Like the broader equity market, healthcare stocks experienced bouts of volatility during the third quarter. But attractive valuations, continued innovation and an uptick in merger and acquisitions could help lift the sector, says Portfolio Manager Andy Acker.
Like the broader equity market, healthcare stocks experienced volatility during the third quarter, though for sector-specific reasons.
In particular, a sharp pullback in small- and mid-cap biotech stocks that started in February continued through mid-August.
However, low valuations and continued innovation have led to an uptick in mergers and acquisitions, which could help support the sector. In addition, other headwinds could prove transitory.
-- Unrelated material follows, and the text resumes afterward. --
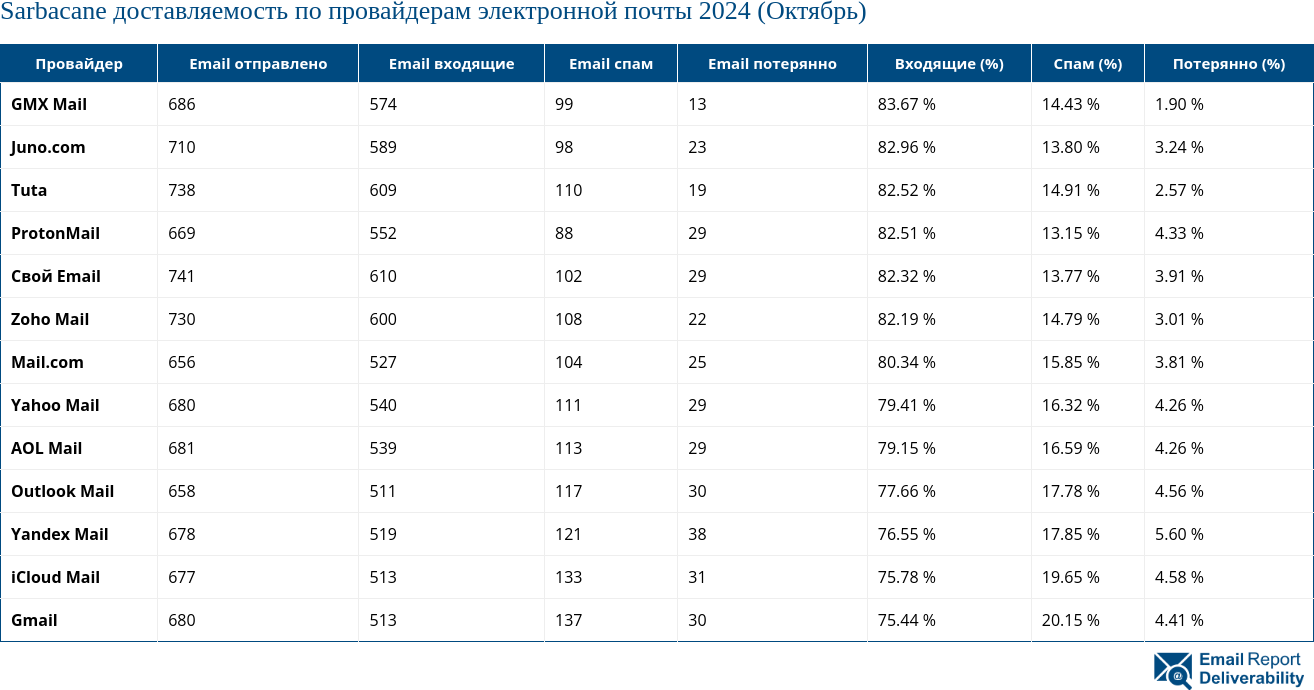 Sarbacane доставляемость по провайдерам электронной почты 2024 (Октябрь)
Andy Acker: Q3 continued to see significant volatility for the markets, and healthcare was no different, although probably for different reasons than the rest of the market. In particular, we saw a continued sell-off in biotech stocks, especially small- and mid-cap biotech stocks, that really started in February and proceeded through the middle of August.
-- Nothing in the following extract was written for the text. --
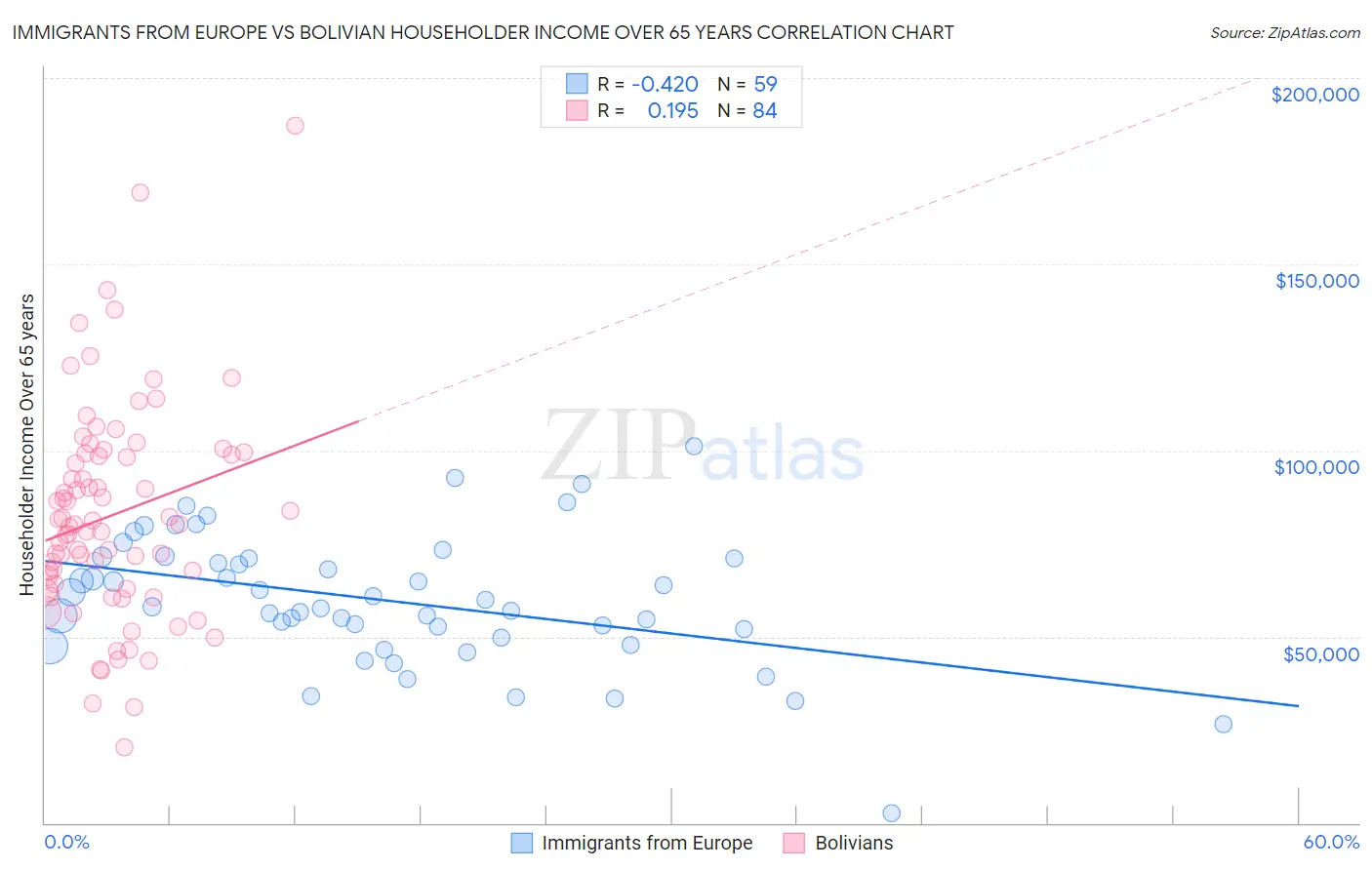 Immigrants from Europe vs Bolivian Householder Income Over 65 years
We think there were three key reasons for that sell-off. First, we have still continued uncertainty about drug-pricing policy. And there are worries about what that might do for drug pricing in the United States. We think those concerns are significantly overblown. In particular, one of the most concerning pieces of policy from the House [of Representatives], we think, is very unlikely to make it through the Senate. And given the very narrow majority for Democrats in the Senate, they really need 100% of votes to make that happen. So, we think resolution there could be helpful for the sector.
We have also seen a slowdown in merger and acquisition (M&A) activity in the first half of the year. That only recently started to pick up again, with several multibillion-dollar deals that have been announced in just the last few months.
And finally, the Food and Drug Administration (FDA) remains without leadership and continues to be quite active in reviewing COVID applications. That has created some uncertainty about recent approvals and some delays around approvals. These are all factors that we think could change in the coming months that could lead to an improved outlook for biotech going forward.
Biotech and pharmaceutical stocks are trading near all-time lows as far as P/E multiples and, we think, have very low expectations. And we think this sets up the healthcare sector for a strong period of absolute and relative performance going forward.
We think the need for M&A activity in the sector remains high. The top 20 biopharmaceutical companies are generating over $150 billion in free cash flow per year. And most of the innovation is coming from small- and mid-cap biotech stocks. So, we think M&A will recover, that will be supportive for many of these stocks. Valuations are near all-time lows, which we think also will be supportive. And importantly, the innovation in the sector remains extremely high. We are seeing advances in many different areas, from gene editing to gene therapies to new precision oncology treatments; and that is not just in therapeutics but also in medical devices, with advances in robotic surgery and advances especially in diabetes, with new continuous glucose monitors and glucose pumps that can replace the function of the pancreas for diabetic patients.
So, we remain extremely excited about the innovation we are seeing in the sector. We think the valuations are attractive, and we think this really sets up well for long-term, patient investors.
Price-to-earnings (P/E) ratio – measures share price compared to earnings per share for a stock or stocks in a portfolio.
Volatility – The rate and extent at which the price of a portfolio, security or index, moves up and down. If the price swings up and down with large movements, it has high volatility.